Abbracciando una versione fordista, peraltro smentita da decenni dalla storia, si descrive una condizione di sfruttamento degli studenti in alternanza da parte delle aziende, quasi gli stessi fossero dei braccianti agricoli dell’America centrale, i cd. peones! Quando, invece, in tantissime realtà i suddetti percorsi si realizzano in modalità foriere di grandi opportunità occupazionali per gli studenti in uscita dai percorsi scolastici di secondo grado, e comunque di una grande valenza orientativa per la costruzione di un realistico progetto di vita che, piaccia o non piaccia, passa inevitabilmente dal lavoro, nelle sue accezioni etiche, professionali, e culturali. A patto che per cultura intendasi la capacità acquisita attraverso tutte le esperienze di vita, ivi incluse quelle scolastiche, di acquisire orientamenti, attitudini, abiti mentali capaci di interpretare al meglio la realtà adattandola ai vari contesti di appartenenza, ed acquisire piena consapevolezza dei propri diritti e doveri, per la definizione di una propria identità personale ed una consapevole cittadinanza attiva.

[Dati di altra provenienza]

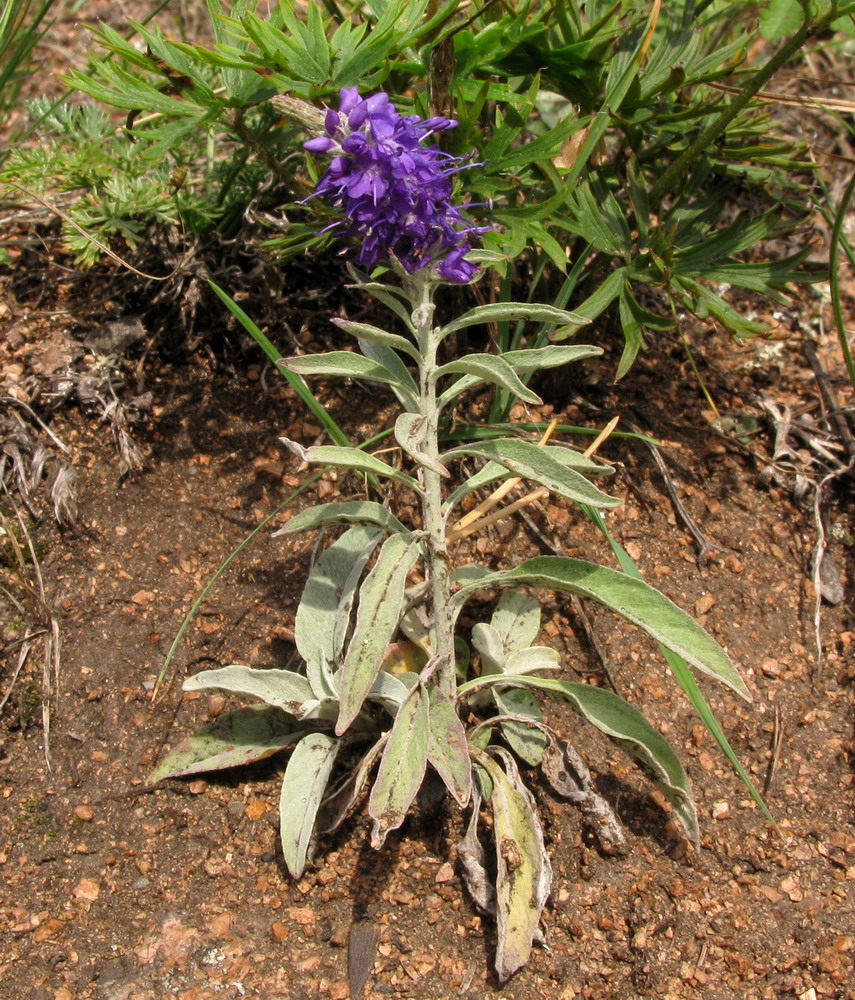 Image of Veronica incana specimen.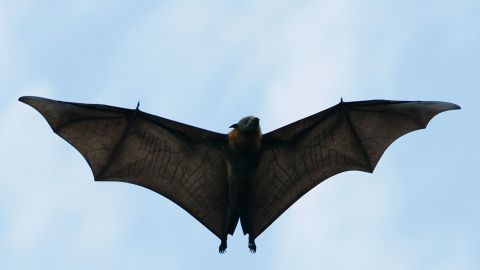 SYDNEY, AUSTRALIA - MARCH 20: A Grey-Headed Flying Fox flies through the air at the Royal Botanic Gardens March 20, 2008 in Sydney, Australia. Flying Foxes, or fruit bats, have taken up permanent roosts in the Botanic Gardens, causing major damage to heritage trees in the park. The Royal Botanic Gardens has begun a program to deter the flying foxes from roosting, as there are now some 11,000 bats roosting in the park. Deterents include noise to disturb sleep patterns, plastic bags attached to branches of trees, strobe lights, odours, and the playing of taped distress calls. (Photo by Ian Waldie/Getty Images)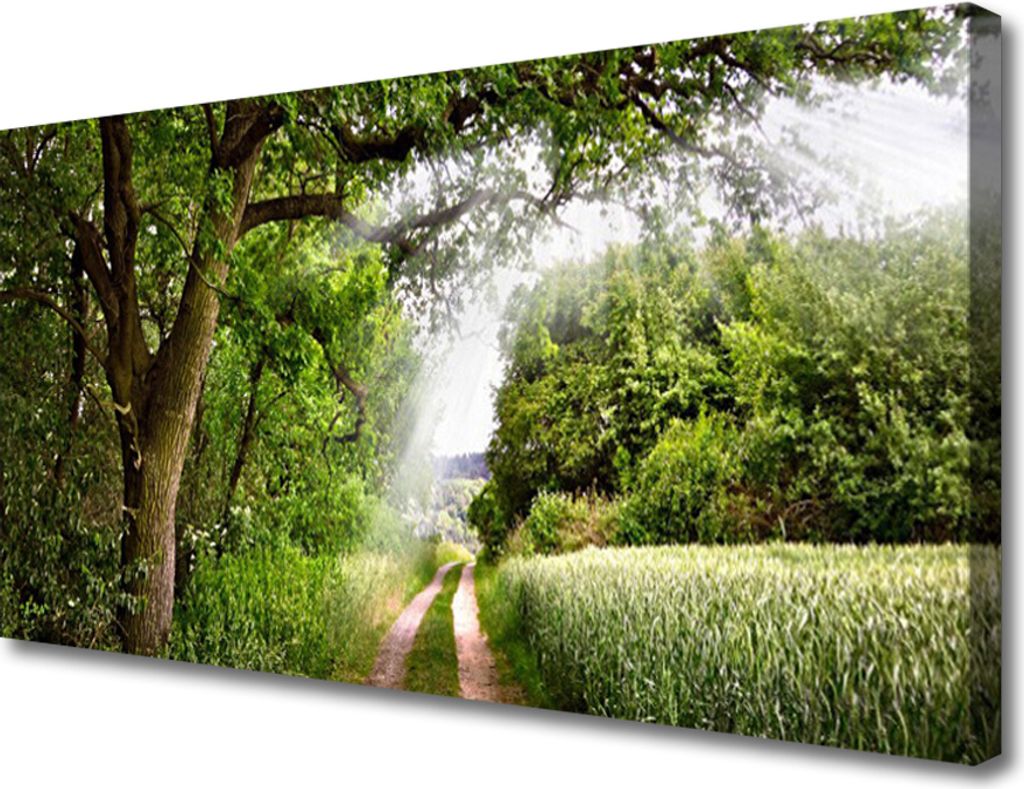 Tulup Leinwand-Bilder 100x50 Wandbild Canvas Kunstdruck Bäume Fußpfad Natur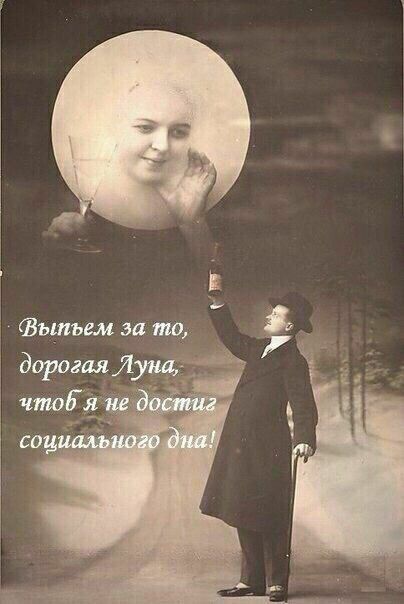 Выпъем за то, дорогая Луна, я не достиг социального дна! 38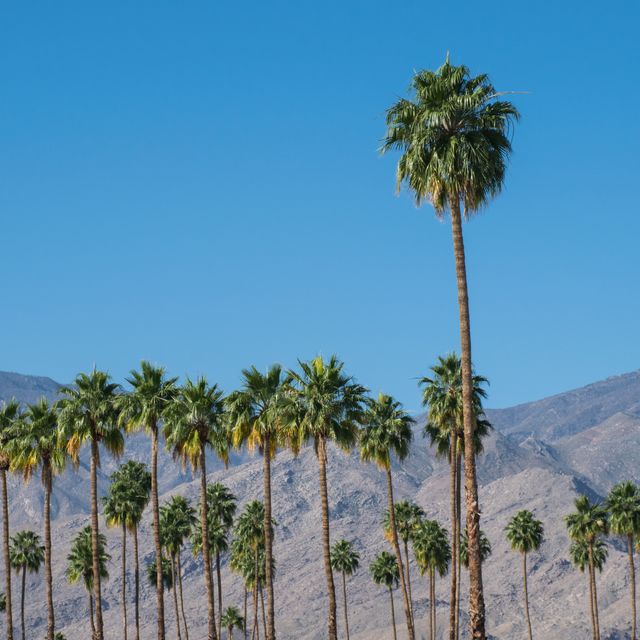 Palm trees in Palm Springs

Proprio perché, nella persona, la “cultura” è sempre unitaria e onnicomprensiva, non tollera né confusioni, né amputazioni: è in ogni momento, ancorché in modi e forme differenti, un fare, un sapere ed un agire intrecciati ed esperiti in situazione da un soggetto che conferisce loro senso.

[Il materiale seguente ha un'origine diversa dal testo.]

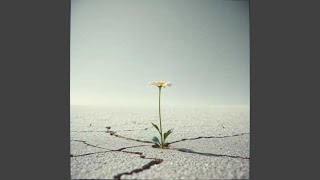 Download lagu Your Photograph mp3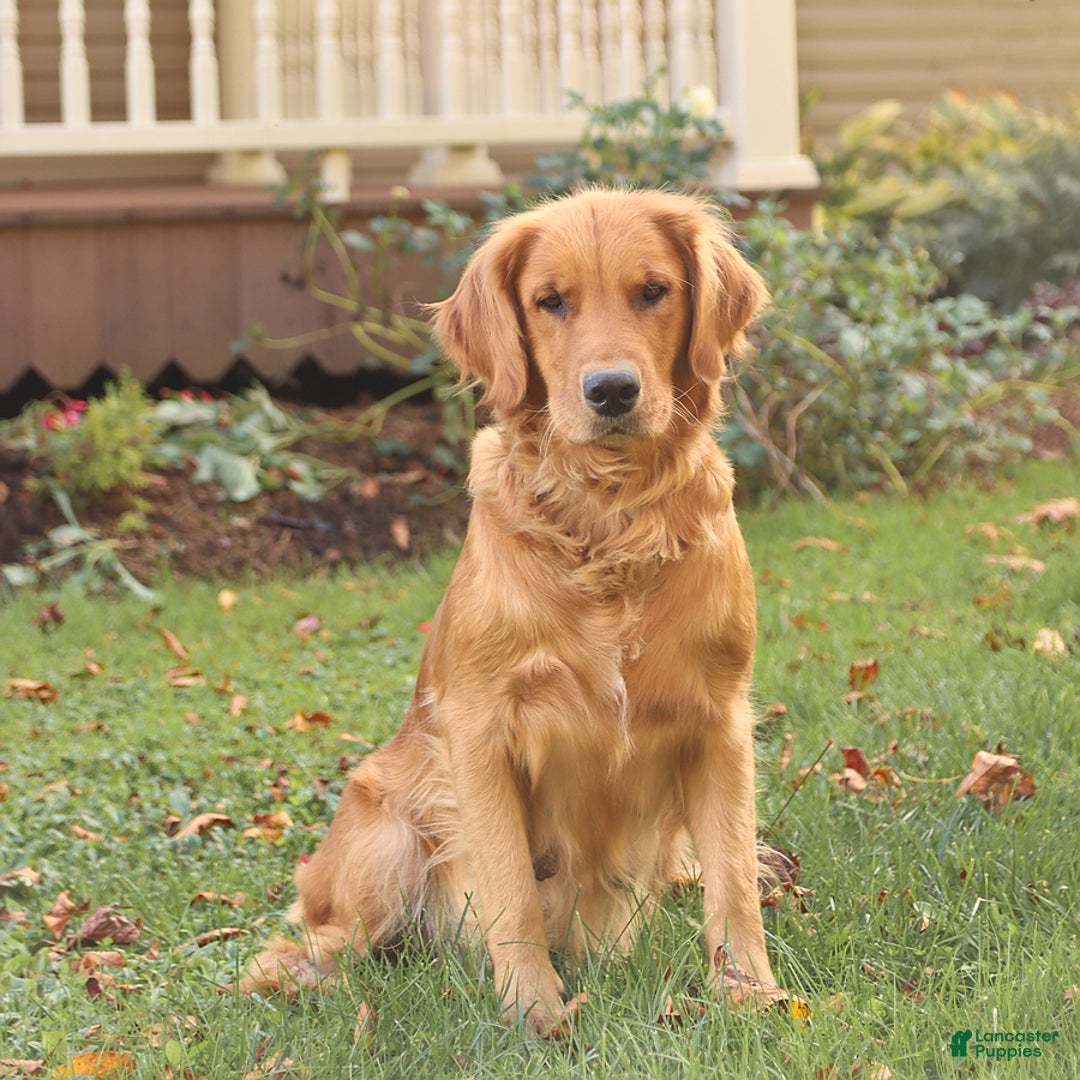Golden Retriever dogs for sale: April - Image 10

Agli studenti in rivolta (prevalentemente dei licei romani che magari hanno un futuro già assicurato dai propri padri…) andrebbe spiegato che stanno scioperando contro se stessi o, quanto meno, contro quei compagni di classe che un futuro devono costruirselo già durante il proprio percorso di studi, anche con esperienze cd. extrascolastiche, ma che extrascolastiche non sono.
Al governo DIRIGENTISCUOLA non può che chiedere un rinnovato impegno nel garantire risorse umane e finanziare adeguate per poter realizzare e monitorare al meglio i suddetti percorsi sia durante la loro fase organizzativa, che attuativa.
Il problema come sempre non è il se, ma il come!